Located in village Badi ka Badia, Bhilwara Disrict, Rajasthan, 60 kilometres from Beawar, the SFD offers different courses of varied durations to suit participant needs. A non-resident faculty of volunteering professionals, offer their time to initiate learning and reflection on a number of contemporary and historically relevant issues. Courses held so far have centred  around the constitution and its relevance for social, economic and political rights, governance, people’s participation in decision-making, transparency, accountability, social movements, agrarian and land issues, and cultural democracy, amongst others.

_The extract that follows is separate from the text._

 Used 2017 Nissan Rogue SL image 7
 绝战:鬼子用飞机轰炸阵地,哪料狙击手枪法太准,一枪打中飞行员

Apart from events both on and off campus, the SFD hosts two fellowships – the Democracy Fellowship, and the Constitutional Values fellowship, which support young people from rural backgrounds in understanding ethical participation in a democracy.

The SFD grew from the experience of people’s political mobilisation in India, and rural Rajasthan in particular in the last three decades. It derived its motivation from movements which empowered ordinary people to use democratic spaces to establish their rights – RTI ,  MGNREGA and many others through rights-based legislations passed by Parliament.

In contemporary India, corruption, arbitrary power, impunity and injustice, have helped authoritarian nationalism, the domination of institutions aided by promoting discrimination through religion, caste, gender and financial controls. The SFD  addresses the exclusion of large sections of  the population from informed democratic participation as one of its principle concerns.